RANDY STAPILUS Oregon |
Two years in a row this has happened: Oregon Republicans meeting informally, in two places, in recognition of two distinct views of what their party is about.
One of these is a long-standing Oregon tradition: The Dorchester Conference, founded in part by former Senator Robert Packwood, held each year (for many years) at Seaside. It is an informal event in that it isn’t a state Republican Party event; it is rather a gathering of Republicans who come together to talk about the future of their party, and the state. It dates back decades, and regularly has featured the state’s top Republican candidates and office holders. It typically attracts around 500 people, sometimes a little more.
The other event, held deliberately at the same time, is in only its second year: A “Freedom Rally†held in the Portland metro area (this year in Portland). It seems to be attracting more people – an estimated 1,500 this year – but its message is more narrow on the political band: Social conservatism on order, what’s often shorthanded as God, guns and gays.

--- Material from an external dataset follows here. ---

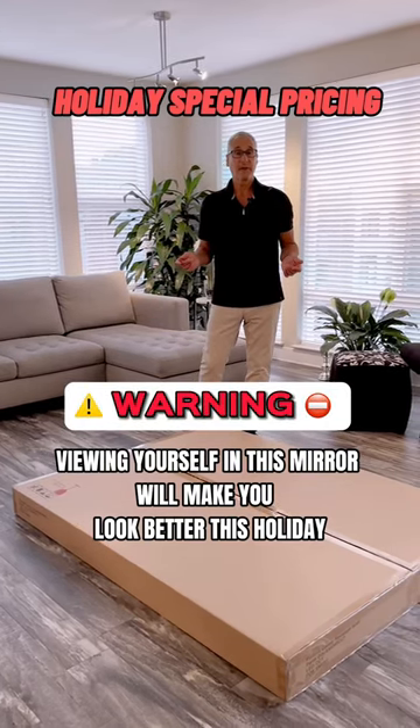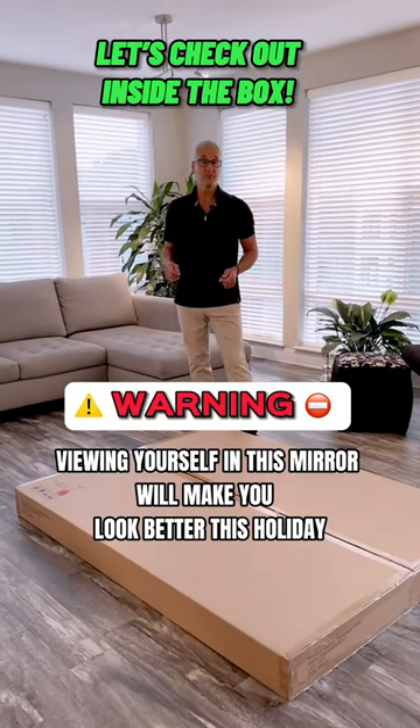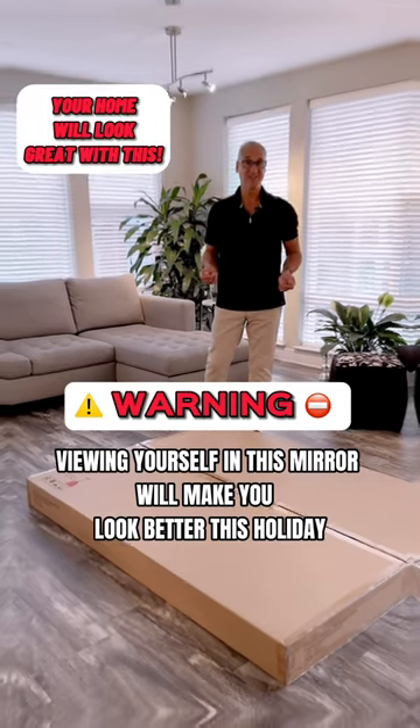Hey, if you're interested in an LED mirror for your bathroom, you have to check out this new mirror that just came in for an upcoming project. So let's open the box and see what's inside.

They are a specific reaction to Dorchester, where the attending majority has been moving in more socially moderate directions; abortion rights and same-sex marriage have found support there. And the group was more than just issue activists. The state’s one Republican in higher office, Representative Greg Walden, spoke there, and about 10 Republican legislators showed up as well.
(Since the two events were just about an hour and a half apart by road, some people likely tried to hit both of them.)
Read the news reports on the two events and you’ll get two very different perspectives on what the Republican Party is about, and why this party in Oregon’s minority is having such a difficult time. A number of speakers at Dorchester underlined it: As long as the Republicans in Oregon are more deeply split than the Democrats are (and they are), they’re going to have a hard time winning much.
And if you hear the same thing at the two events in 2016, they’ll likely prove prescient.